Body Chemistry (1990) from Tuna

Body Chemistry (1990) is a bald-faced Fatal Attraction rip-off staring Marc Singer as a researcher hoping to be named lab director, happily married with a young son. 

In comes Lisa Pescia with the promise of a large contract for the lab, a big set of jugs, and a whole lot of kinks, and Marc never has a chance after that. Mistake one, thinking with his Johnson. Mistake two, breaking off the affair rather than eliminating Pescia. I will say Pescia has some clever tricks. My favorite was her taping the two of them in the act then sending a copy to Singer's son. 

This is from the Roger Corman factory, and other than the darkness and graininess, the quality is not especially bad.


There is less exposure than you would expect, but Pescia does show her chest if you have enough Photoshop skills to bring it out of the darkness

DVD info from Amazon.

  • no widescreen

  • no features

It would not be a good idea to over-analyze this film, but one glaring error demanded my attention. Singer reaches under Pescia's dress, drags her panties down, and off of one shoe, then tosses them across the room. How many women do you know that only wear their panties on one leg?   

The Critics Vote

  • Maltin 2/4

The People Vote ...

  • With their votes ... IMDB summary: IMDb voters score it 4.1 
  • With their dollars ... $2 million domestic gross. 
IMDb guideline: 7.5 usually indicates a level of excellence, about like three and a half stars from the critics. 6.0 usually indicates lukewarm watchability, about like two and a half stars from the critics. The fives are generally not worthwhile unless they are really your kind of material, about like two stars from the critics.
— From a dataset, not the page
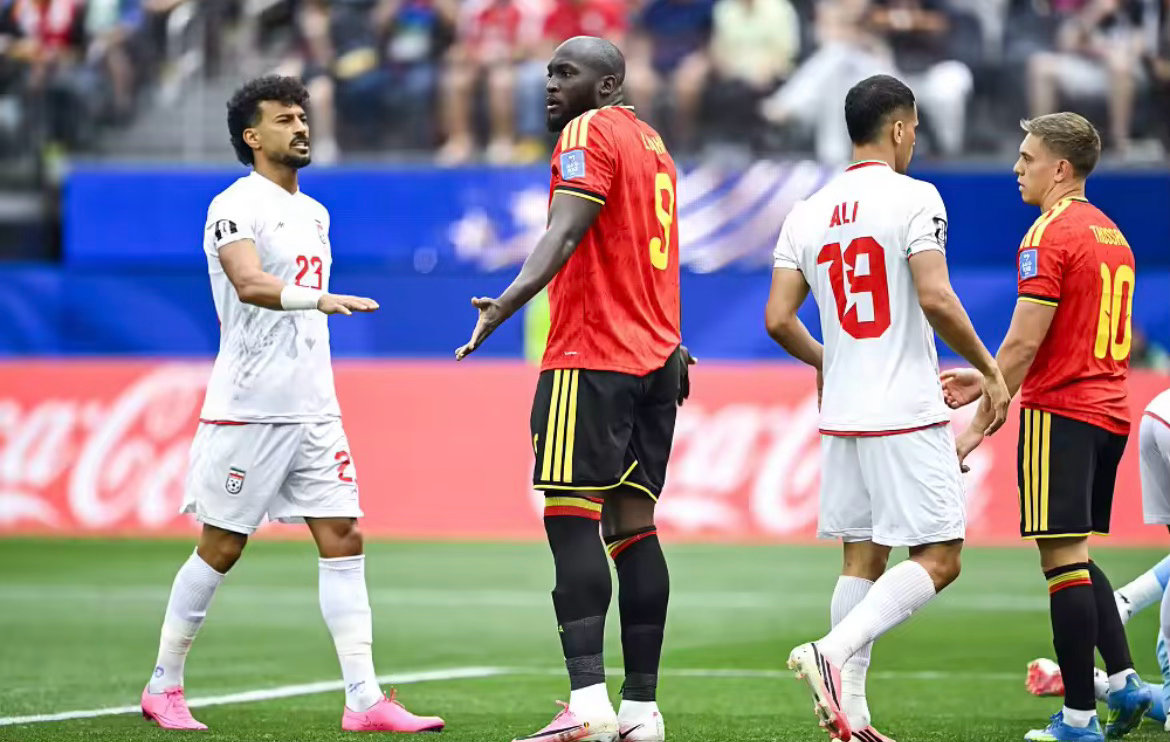 2026年世界杯G组次轮，比利时0-0战平伊朗。两队均遭遇2连平，伊朗凭借总进球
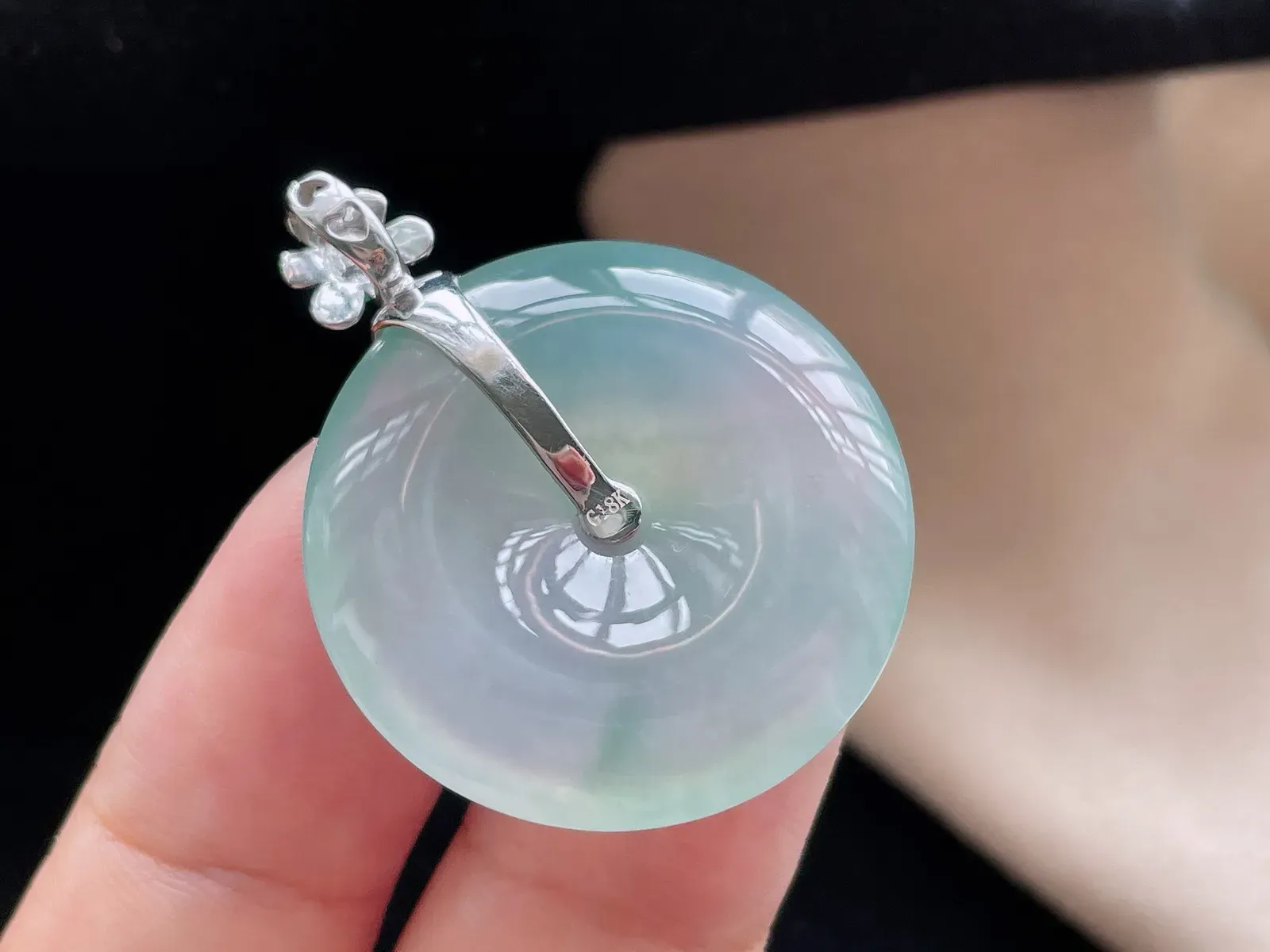 18K 冰种飘花·平安扣

整37.1-28.6-5.9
Films under five are generally awful even if you like that kind of film, equivalent to about one and a half stars from the critics or less, depending on just how far below five the rating is.

My own guideline: A means the movie is so good it will appeal to you even if you hate the genre. B means the movie is not good enough to win you over if you hate the genre, but is good enough to do so if you have an open mind about this type of film. C means it will only appeal to genre addicts, and has no crossover appeal. D means you'll hate it even if you like the genre. E means that you'll hate it even if you love the genre. F means that the film is not only unappealing across-the-board, but technically inept as well.

Based on this description, this film is a C. Mediocre genre flick.